Follow me on Twitter, happy to take your suggestions on topics or improvements /Chris
This third part aims to show how you scale your application. We can easily set the number of Replicas we want of a certain application and let Kubernetes figure out how to do that. This is us defining a so-called desired state.
When traffic increases, we will need to scale the application to keep up with user demand. We've talked about deployments and services, now lets talk scaling.
- Part I - from the beginning, Part I, Basics, Deployment and Minikube In this part, we cover why Kubernetes, some history and some basic concepts like deploying, Nodes, Pods.
- Part II - introducing Services and Labeling In this part, we deepen our knowledge of Pods and Nodes. We also introduce Services and labeling using labels to query our artifacts.

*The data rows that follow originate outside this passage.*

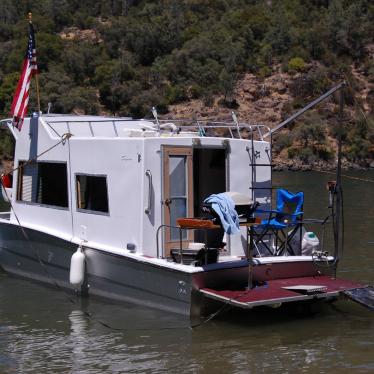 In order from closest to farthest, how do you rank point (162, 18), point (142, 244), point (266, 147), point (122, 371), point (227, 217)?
1. point (122, 371)
2. point (227, 217)
3. point (142, 244)
4. point (266, 147)
5. point (162, 18)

- Part III - Scaling, we are here
- Part IV - Auto scaling In this part we look at how to set up auto-scaling so we can handle sudden large increases of incoming requests
What does scaling mean in the context of Kubernetes?
We get more Pods. More Pods that are scheduled to nodes.

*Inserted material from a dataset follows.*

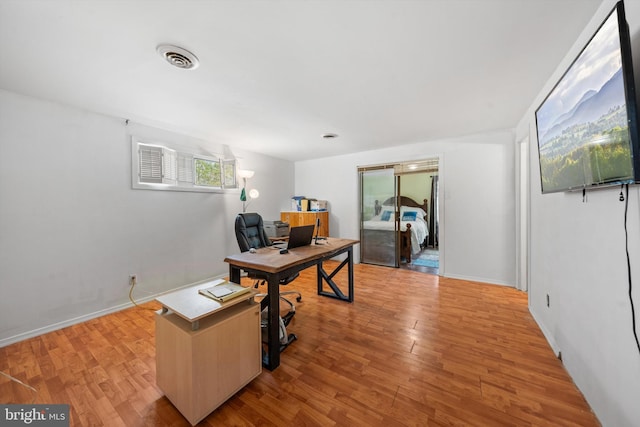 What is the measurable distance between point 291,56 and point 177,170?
2563 mm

Now it's time to talk about desired state again, that we mentioned in previous parts.
This is where we relinquish control to Kubernetes. All we need to do is tell Kubernetes how many Pods we want and Kubernetes does the rest.

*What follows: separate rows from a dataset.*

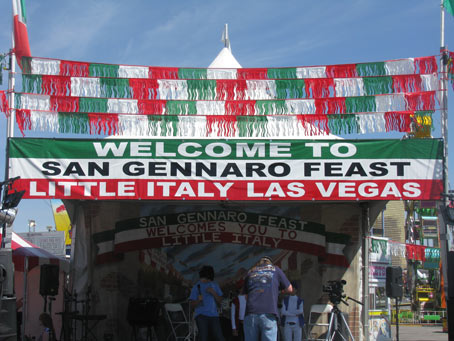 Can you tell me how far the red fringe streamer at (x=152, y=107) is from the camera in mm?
11227

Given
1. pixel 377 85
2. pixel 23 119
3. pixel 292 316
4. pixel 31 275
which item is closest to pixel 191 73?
pixel 23 119

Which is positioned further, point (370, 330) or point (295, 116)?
point (370, 330)

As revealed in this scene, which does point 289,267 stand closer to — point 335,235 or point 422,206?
point 335,235

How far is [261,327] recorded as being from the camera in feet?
22.7

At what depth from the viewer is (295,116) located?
1117 centimetres

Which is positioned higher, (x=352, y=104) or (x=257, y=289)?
(x=352, y=104)

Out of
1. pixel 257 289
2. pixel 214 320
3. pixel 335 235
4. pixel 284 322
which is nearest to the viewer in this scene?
pixel 257 289

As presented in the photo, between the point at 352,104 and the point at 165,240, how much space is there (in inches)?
186

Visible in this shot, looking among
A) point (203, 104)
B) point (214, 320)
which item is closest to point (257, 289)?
point (214, 320)

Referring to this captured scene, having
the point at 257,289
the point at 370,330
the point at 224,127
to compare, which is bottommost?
the point at 370,330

So we tell Kubernetes about the number of Pods we want, what does that mean? What does Kubernetes do for us?
It means we get multiple instances of our application. It also means traffic is being distributed to all of our Pods, ie. load balancing.
Furthermore, Kubernetes, or more specifically, services within Kubernetes will monitor which Pods are available and send traffic to those Pods.
Resources
- Free Azure Account If you want to try out AKS, Azure Kubernetes Service, you will need a free Azure account
- Kubernetes.io One of the best resources to learn about Kubernetes is at this official Kubernetes site by Google.
- Kubernetes overview An overview of Kubernetes, all its parts and how it works
- Kubernetes in the Cloud Do you feel you know everything about Kubernetes already and just want to learn how to use a managed service? Then this link is for you
- Documentation on AKS, Azure Kubernetes Service Azure Kubernetes Service, a managed Kubernetes
- Best practices on AKS You already know AKS and want to learn how to use it better?
Scaling demo Lab
If you haven't followed the first two parts I do recommend you go back and have a read. What you need for the following to work is at least a deployment. So if you haven't created one, here is how:
kubectl run kubernetes-first-app --image=gcr.io/google-samples/kubernetes-bootcamp:v1 --port=8080
Let's have a look at our deployments:
kubectl get deployments
Let's look closer at the response we get:
We have three pieces of information that are important to us. First, we have the READY
column in which we should read the value in the following way, CURRENT STATE/DESIRED STATE
. Next up is the UP_TO_DATE
column which shows the number of replicas that were updated to match the desired state.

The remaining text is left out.